Vous entrez dans une librairie, le désir comme seule boussole, vous flânez entre les livres, dans la vitre un rayon de soleil, et soudain une main aimante glisse entre vos doigts un petit volume violet. Ça n’a l’air de rien, ce n’est presque rien : c’est délicat comme les choses volatiles, un geste brusque et tout s’envole ; c’est aérien, léger, tendre ; en même temps quelque chose pique le cœur, volutes de mélancolie que la chaleur ne chasse pas tout à fait ; qu’importe puisque c’est intense ; c’est aigu, fiévreux, excessif et retenu à la fois : extrême.
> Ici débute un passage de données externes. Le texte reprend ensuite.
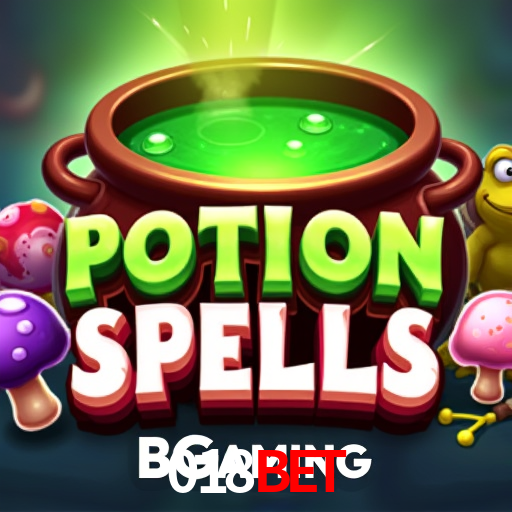 Casino Ao Vivo 018bet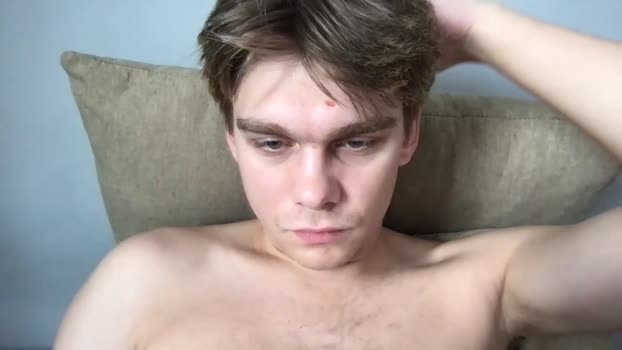 tasteithorny 01-08-2025 video deep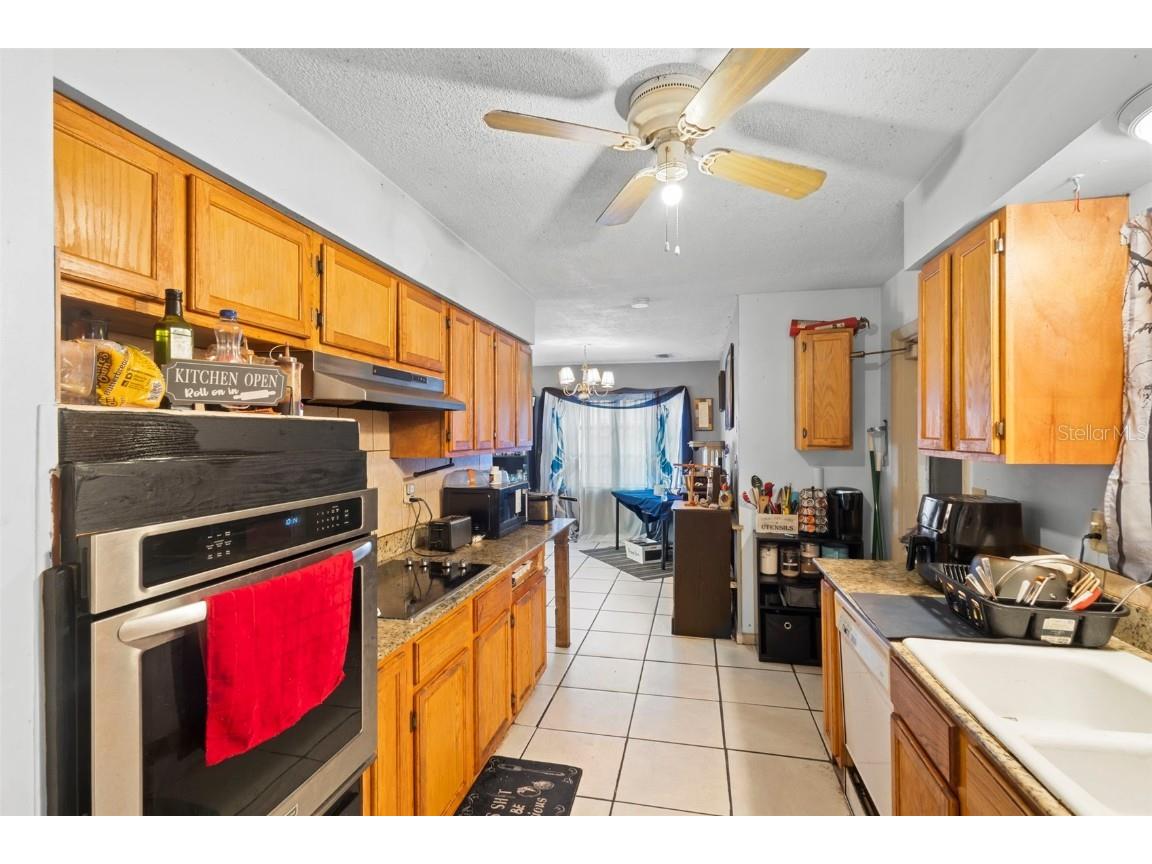 2934 Marathon Avenue Orlando FL 32805 - Clear Lake O6338289 image16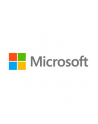 dell Licencja ROK Win Srv 2022 CAL Rmt Dsktp Device 1Clt - nr 2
Cécile A. Holdban désirait faire résonner une autre histoire, celle à travers les âges d’une poésie « écrite par des femmes », de Sappho à Christine de Pizan jusqu’à Marceline Desbordes-Valmore. Mais entre le siècle dernier, qui dans la perspective qui était la sienne ne ressemble à aucun autre, et les époques précédentes, elle constata que le chant était trop discontinu, ou que la dimension encyclopédique trahissait des manques qu’il aurait fallu malgré tout justifier. Premières à éclairer la nuit est un portrait épistolaire de quinze femmes poètes, toutes traversées différemment par l’histoire du XXe siècle.

« My Alejandra Pizarnik », le « portrait approximatif d’Alejandra Pizarnik par Liliane Giraudon » qui sert de postface à ce volume, s’ouvre ainsi : « Alejandra Pizarnik c’est-à-dire Flora Alejandra Pizarnik naît le 29 avril 1936 à Buenos Aires sous le signe du Taureau. Alejandra Pizarnik née dans une famille juive très récemment émigrée de Galicie. ‘Par mon sang juif je suis une exilée. Par mon lieu de naissance je suis à peine argentine (le côté argentin est irréel et diffus). Je n’ai pas de patrie…’ » (p. 323).